Abstract as the proposed change might sound, it was welcomed today as a practical improvement by the head of the American Forest and Paper Association.

"By clarifying where the public is truly exposed, EPA eliminates many hypothetical modeling scenarios that can bog down projects unnecessarily," Donna Harman, the association's president and CEO, said in a statement.

Harman said past assessments have been done for areas where the public doesn't have legal access. "This action," she said, "takes a long-overdue first step toward ensuring real-world air quality modeling is used to determine any air quality impacts from a project."

While the guidance doesn't include an analysis of the potential impact, EPA predicts the proposed change will furnish more flexibility in deciding the location of modeling receptors used in air quality analyses while "maintaining public health protection."

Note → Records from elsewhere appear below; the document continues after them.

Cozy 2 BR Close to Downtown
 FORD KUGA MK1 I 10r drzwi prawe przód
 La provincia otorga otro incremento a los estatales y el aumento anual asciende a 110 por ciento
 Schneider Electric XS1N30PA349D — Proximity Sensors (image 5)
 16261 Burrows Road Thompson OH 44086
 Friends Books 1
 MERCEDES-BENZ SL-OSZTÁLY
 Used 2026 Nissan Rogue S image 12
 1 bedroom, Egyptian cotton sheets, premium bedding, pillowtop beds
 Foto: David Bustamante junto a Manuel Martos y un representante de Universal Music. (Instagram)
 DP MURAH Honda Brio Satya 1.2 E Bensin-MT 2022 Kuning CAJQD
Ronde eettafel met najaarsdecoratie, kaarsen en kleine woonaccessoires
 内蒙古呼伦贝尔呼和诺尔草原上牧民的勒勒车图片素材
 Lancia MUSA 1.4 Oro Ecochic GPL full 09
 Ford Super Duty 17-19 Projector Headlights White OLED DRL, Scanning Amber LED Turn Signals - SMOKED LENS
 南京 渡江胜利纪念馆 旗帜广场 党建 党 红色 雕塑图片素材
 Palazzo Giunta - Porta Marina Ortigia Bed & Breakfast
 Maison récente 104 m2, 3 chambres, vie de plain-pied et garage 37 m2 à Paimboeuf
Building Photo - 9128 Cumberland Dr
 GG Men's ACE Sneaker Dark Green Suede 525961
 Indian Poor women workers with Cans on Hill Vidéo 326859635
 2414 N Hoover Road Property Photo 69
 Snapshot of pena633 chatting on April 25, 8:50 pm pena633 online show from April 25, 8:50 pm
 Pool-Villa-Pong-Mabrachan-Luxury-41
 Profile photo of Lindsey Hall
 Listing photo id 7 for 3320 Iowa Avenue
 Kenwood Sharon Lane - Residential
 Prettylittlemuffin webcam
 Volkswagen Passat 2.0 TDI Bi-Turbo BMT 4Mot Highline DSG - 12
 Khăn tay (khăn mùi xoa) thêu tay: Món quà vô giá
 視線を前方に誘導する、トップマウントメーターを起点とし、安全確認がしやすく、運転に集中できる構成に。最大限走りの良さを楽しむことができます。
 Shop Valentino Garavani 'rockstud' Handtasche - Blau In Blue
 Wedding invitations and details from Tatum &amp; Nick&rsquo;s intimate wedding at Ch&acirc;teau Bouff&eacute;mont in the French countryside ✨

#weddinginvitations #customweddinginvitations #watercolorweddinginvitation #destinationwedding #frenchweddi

With no public announcement, the agency posted the draft guidance online late this week. Spokesman John Konkus didn't reply to a request for confirmation of the exact day.

The agency is asking "interested stakeholders" to furnish comments by Dec. 21. Although the revised guidance doesn't qualify as a regulation requiring advance public notice, EPA expects state and local air agencies to adopt the policy when issuing Prevention of Significant Deterioration permits, according to the memo.

Under the New Source Review program, those pre-construction permits are needed when a power plant or other major industrial facility embarks on a significant expansion or upgrade expected to lead to more pollution in areas that currently meet national ambient air quality standards.